In international politics, geography is rarely just geography. A military base located on the territory of one state can become a strategic asset for another, but it can also transform the host country into a potential frontline during times of conflict.

Across the Middle East, foreign military presence has long shaped regional security dynamics. The United States maintains a network of military facilities, airfields, naval support points, and logistical hubs across several Gulf states, including Qatar, Bahrain, Kuwait, the United Arab Emirates, and Saudi Arabia. These installations form a central part of Washington’s regional defence structure.

Yet beneath these security arrangements lies a complex question of international law: when a state allows its territory to be used for military operations against another country, does it assume any legal responsibility for the consequences?

The question has gained renewed attention amid rising tensions between the United States and Iran, but the underlying legal issue extends far beyond any single conflict. It concerns a broader dilemma faced by states hosting foreign military forces: how far does responsibility extend when national territory becomes part of another state’s military operations?

The starting point of this debate is Article 2(4) of the United Nations Charter, which prohibits the “threat or use of force against the territorial integrity or political independence of any state.” Since the creation of the United Nations in 1945, this principle has remained one of the foundations of the international legal order.

International law recognises two primary exceptions to this prohibition. The first is the right of self-defence under Article 51 of the UN Charter following an armed attack. The second is the use of force authorised by the United Nations Security Council under Chapter VII.

Where military action falls outside these exceptions, its legality becomes highly contested.

This raises an important question for states that host foreign military forces. If another country launches attacks from their territory, and those attacks are considered unlawful, could the host state also face international responsibility?

One of the most relevant references comes from United Nations General Assembly Resolution 3314 of 1974, which defines aggression. Article 3(f) identifies as an act of aggression:

“The action of a State in allowing its territory, which it has placed at the disposal of another State, to be used by that other State for perpetrating an act of aggression against a third State.”

Although General Assembly resolutions are not legally binding in the same way as treaties, Resolution 3314 has played an important role in shaping international legal discussions on aggression and state responsibility.

The principle behind this provision is significant: a state does not necessarily have to fire the first shot to become legally relevant. Allowing its territory to be used as a platform for unlawful military action may create questions of responsibility, particularly where the state has knowledge of, and facilitates, those operations.

Recent conflicts demonstrate how complicated this issue can become.

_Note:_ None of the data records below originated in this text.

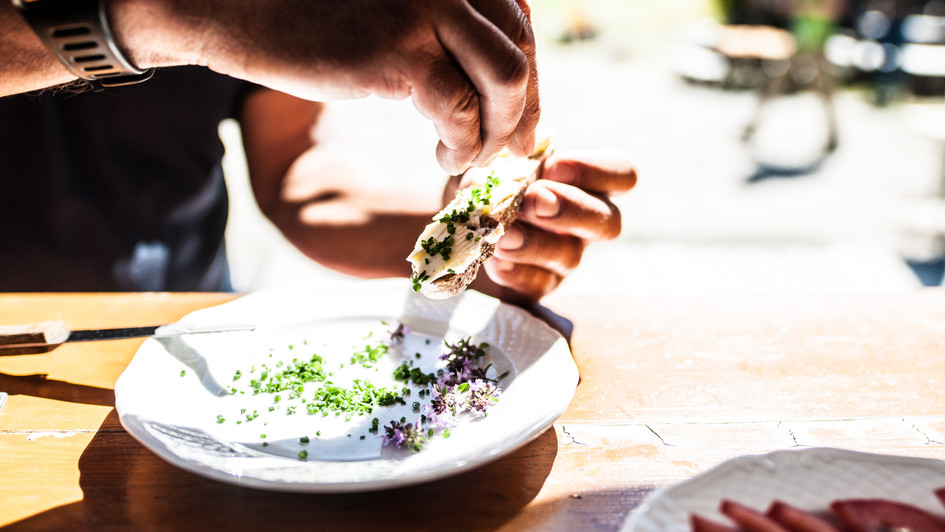 Fresh herbs for the butter tasting on our mountain lodge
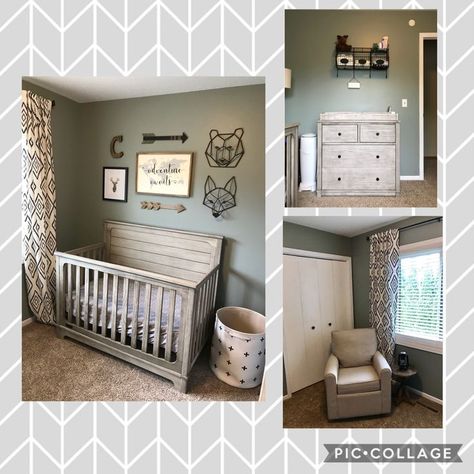 Man Cave Nursery Theme, Woodland Nursery Paint Colors, Gray And Green Nursery, Boy Nursery Ideas Green, Boy Nursery Paint Colors, Green Gray Nursery, Gray Boy Nursery, Nursery Adventure Theme, Green Woodland Nursery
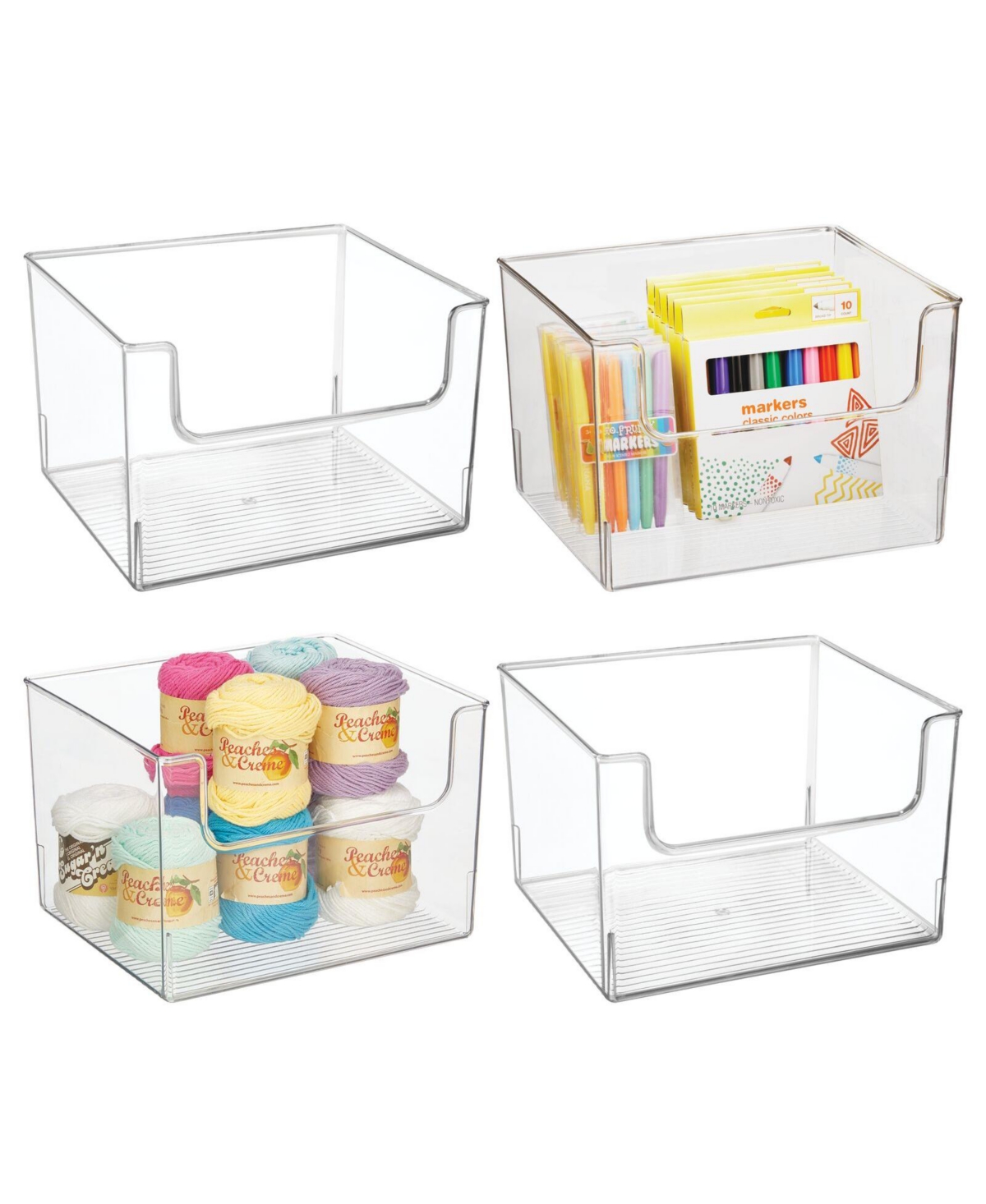 Crafting Plastic Storage Organizer Bin - Open Dip Front, 4 Pack, Clear - Clear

During Russia’s 2022 invasion of Ukraine, Belarus allowed Russian forces to use its territory for military operations, including troop movements and missile launches. Ukraine and several Western governments argued that Belarus had become a facilitator of Russia’s military campaign, even though Belarus did not conduct the main combat operations itself.

A similar debate emerged during the 2003 US-led invasion of Iraq. Several Gulf states provided logistical support, access, and military infrastructure for coalition operations. Because the legality of the invasion remains disputed among international lawyers, questions were raised regarding the position of states that enabled those operations through their territory and facilities.

The issue also appeared during counterterrorism operations in the region. States providing airspace access, intelligence cooperation, or logistical assistance to foreign military campaigns have often faced domestic criticism and security risks because armed groups may view them as participants rather than neutral actors.

However, hosting foreign military forces does not automatically make a state a party to every operation conducted by those forces. Governments usually distinguish between allowing another country to maintain military facilities and directly controlling decisions about the use of force.

Many defence agreements are structured around this distinction. A host state may argue that it does not plan, approve, or command specific operations carried out by foreign forces based on its territory.

International law, however, focuses not only on formal arrangements but also on conduct. Questions may arise regarding whether the host state knew about particular operations, whether it assisted, and whether that support contributed to an unlawful act.

The International Law Commission’s Articles on State Responsibility address this issue through the concept of aiding or assisting another state in committing an internationally wrongful act. Under Article 16, a state may incur responsibility if it knowingly assists another state in carrying out conduct that violates international law.

The most sensitive issue concerns possible retaliation.

If a military facility located in another country is used to launch attacks, can that facility become a lawful target during an armed conflict?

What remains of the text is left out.